The Damascus City Water Supply and Sewerage Authority made the announcement in a brief statement posted on its official website on Friday, adding that the water cut would include both the capital and its suburbs.
The statement further said that the Ministry of Water Resources and the Ministry of Local Administration had ordered authorities in the provinces of Rif Dimashq and Damascus to start using water reserves until the problem was resolved "in the next few days.”
The al-Fija spring, which supplies the capital with water, is located in the militant-held Souq Wadi Barada village, northwest of Damascus, in a mountainous terrain near the Lebanese border. Much of the surrounding areas are controlled by Syrian government troops.
The terrorists’ desperate attack on water resources came a few days after Aleppo, Syria’s second largest city, was fully liberated from the grips of Takfiri terrorist groups.
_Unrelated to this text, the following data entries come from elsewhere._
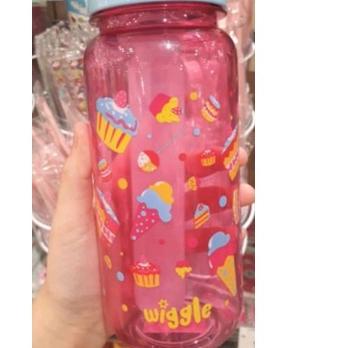 ➩ botol minum wiggle nautical robot cupcake 670ml ✻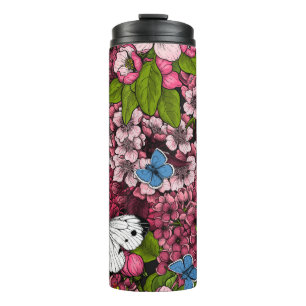 Spring garden 2 thermal tumbler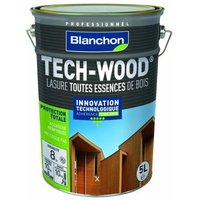 Blanchon - Tech-Wood Lasur Goldene Eiche - 5L von BLANCHON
The city was the last major urban area controlled by terrorists.
The latest gain puts Damascus back in control of Syria’s five main cities: Aleppo, Homs, Hama, Damascus and Latakia.
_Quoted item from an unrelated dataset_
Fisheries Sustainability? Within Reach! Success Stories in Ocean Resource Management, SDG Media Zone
Aleppo’s liberation is seen as a crushing blow to the militants and their foreign supporters, who have been actively working to topple the Damascus government since March 2011.
UN Special Envoy for Syria Staffan de Mistura estimates that over 400,000 people have been killed since the onset of the militancy. The UN has stopped its official casualty count in Syria, citing its inability to verify the figures it receives from various sources.